Dr. Behrman is a clinical psychologist, family mediator, parenting coordinator, collaborative divorce professional, trainer, practice consultant, author, and speaker. Since completing her doctorate in Clinical Psychology in 1985, Dr. Behrman’s professional journey in private practice has been rich and varied, with unexpected twists and turns. After completing Postdoctoral Training in Child, Adolescent and Family Psychoanalytic Psychotherapy at the Postgraduate Center for Mental Health in 1990, Dr. Behrman has developed specialty niches addressing the challenges of family transitions, including early childhood special needs, infertility and adoption, and divorce and post-divorce parenting. What has stood out for her as her practice evolved over the years, was the way in which an independent practice was ideally suited to shifting needs of family members over the course of her children’s development.
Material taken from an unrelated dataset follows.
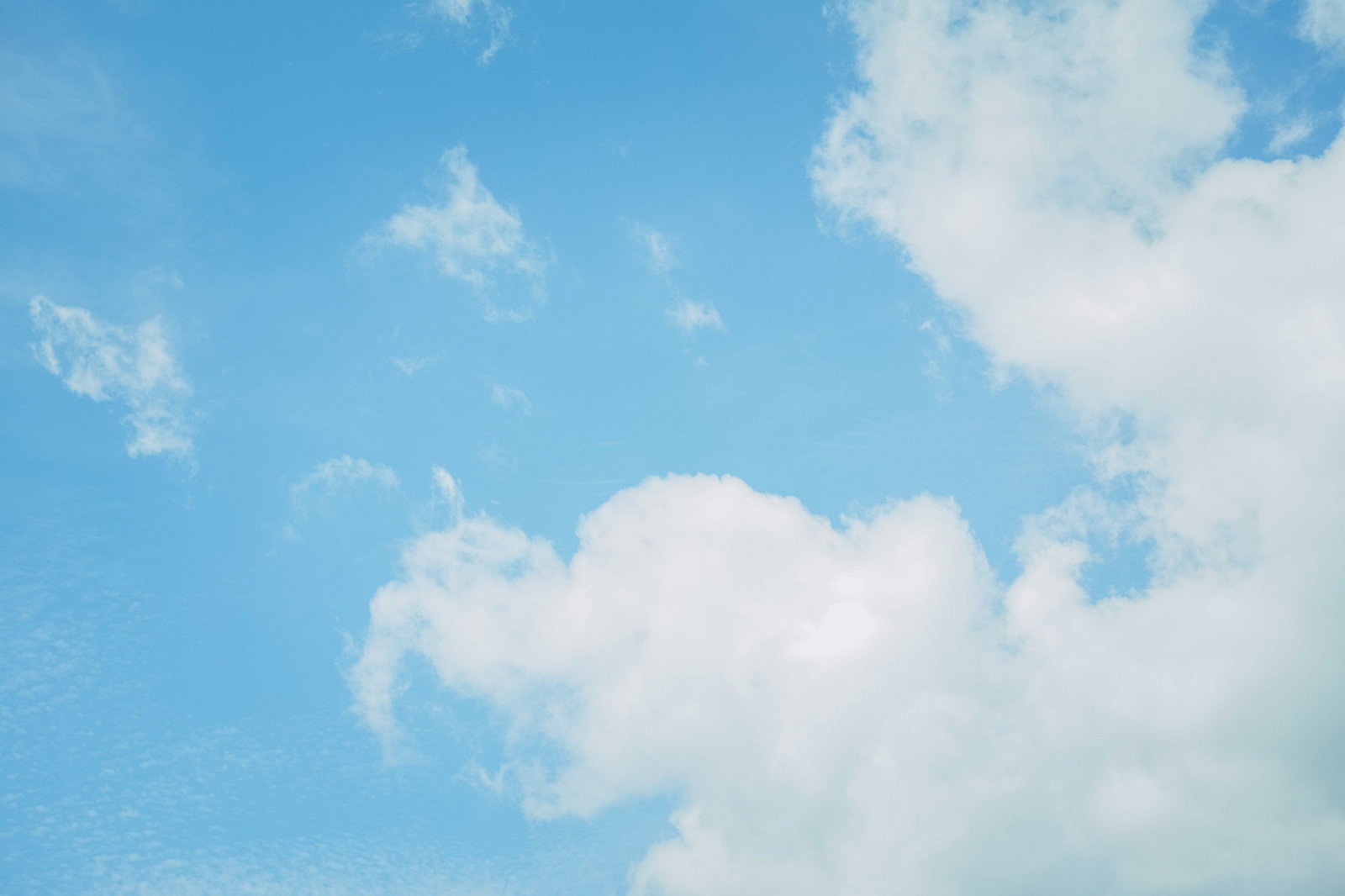 青空に浮かぶ白い雲が広がる晴れた空の風景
Looking in the rear-view mirror, Lauren was inspired by the idea that in addition to being clinicians and healers, independent practitioners in mental health are also entrepreneurs and small business owners. Recognizing that we enter our professional lives with a strong knowledge base in our clinical fields, while having no formal training in the skills needed to build and sustain thriving practices, Lauren joined with three colleagues to develop The Practice Institute in 2010.
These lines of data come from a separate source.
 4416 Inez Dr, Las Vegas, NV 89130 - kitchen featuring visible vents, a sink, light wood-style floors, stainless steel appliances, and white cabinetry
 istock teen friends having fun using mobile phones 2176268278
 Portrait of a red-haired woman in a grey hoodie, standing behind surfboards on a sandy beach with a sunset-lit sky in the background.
As a founder and principal in the Practice Institute, Lauren develops and delivers programs to teach entrepreneurial and business skills to colleagues in independent practice. Through individual and group consultations, workshops, and writing, Lauren enjoys helping colleagues invent, envision and create thriving practices that fit their skill sets and their personal lives.  Dr. Behrman is in independent practice in midtown Manhattan, and Westchester, NY.

Pauline Wallin, Ph.D.

Dr. Wallin is a psychologist in private practice for almost four decades. As cofounder of The Practice Institute, she teaches and coaches other mental health professionals to earn a good living while doing what they love.  Dr. Wallin is president of APA Division 42, Independent Practice. She is also former president of Division 46 Media Technology & Psychology, and has chaired or served on numerous committees within APA and the Pennsylvania Psychological Association.
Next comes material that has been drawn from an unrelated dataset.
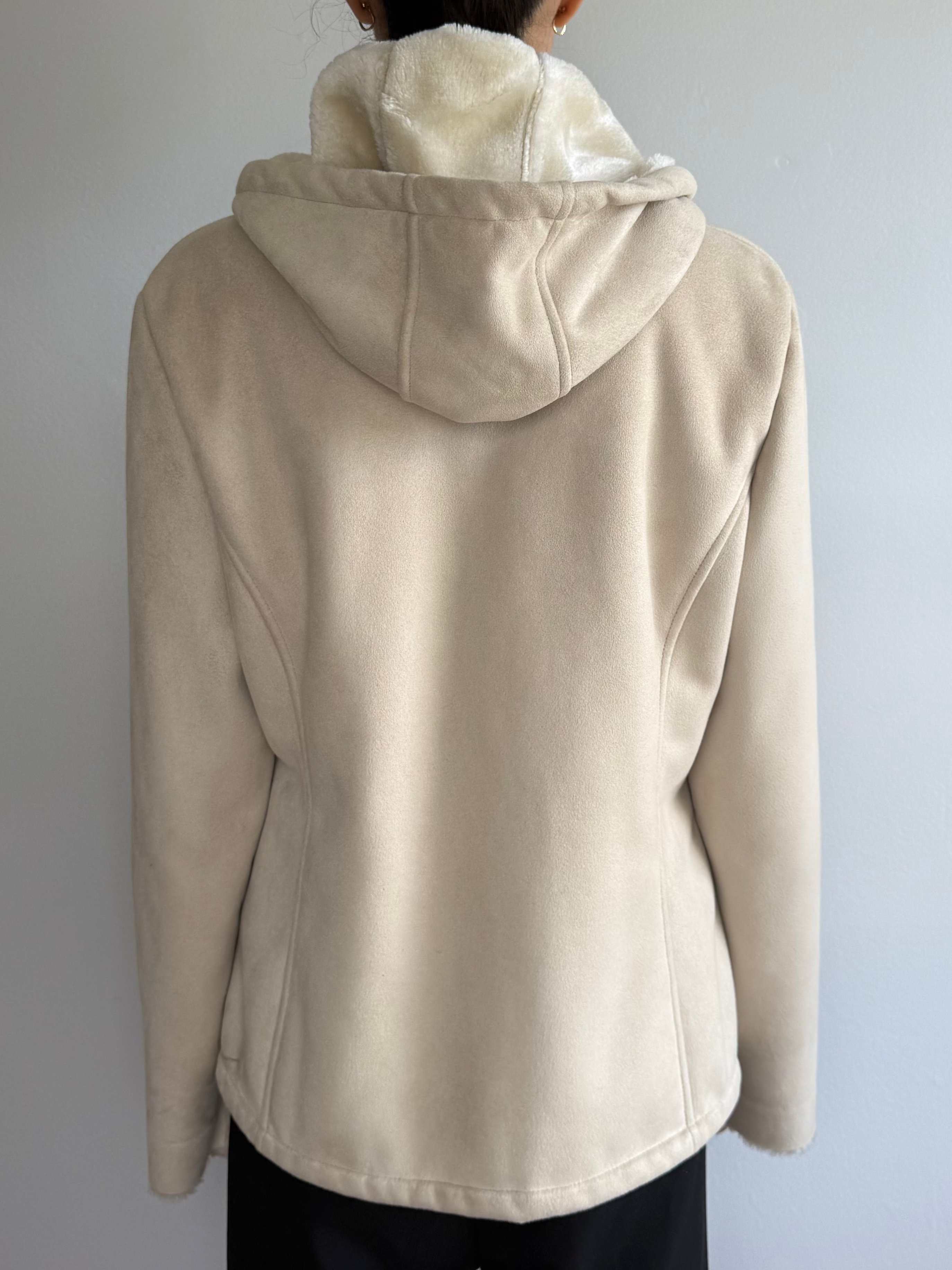 Person wearing a beige hooded jacket against a plain background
In addition to writing and teaching about the business of practice, Dr. Wallin has written a self-help book, was a magazine columnist for several years, and has frequently appeared in or been quoted in the media, including CBS news, the Associated Press, New York Times, Wall Street Journal, Washington Post, USA Today, Redbook, Ladies Home Journal and others.

Jeffrey Zimmerman, Ph.D.

Dr. Zimmerman is a founding partner in The Practice Institute, Editor of Practice Innovations a cross-disciplinary journal that supports innovation and the highest standards of care in mental health practice and past President of the Society for the Advancement of Psychotherapy. He has been in independent practice since 1981 when he started in solo practice and then co-founded what he and his partners grew into a large multi-site interdisciplinary group practice, before returning 22 years later to solo practice. He is author or editor of three books on practice, and is a frequent consultant to practices large and small.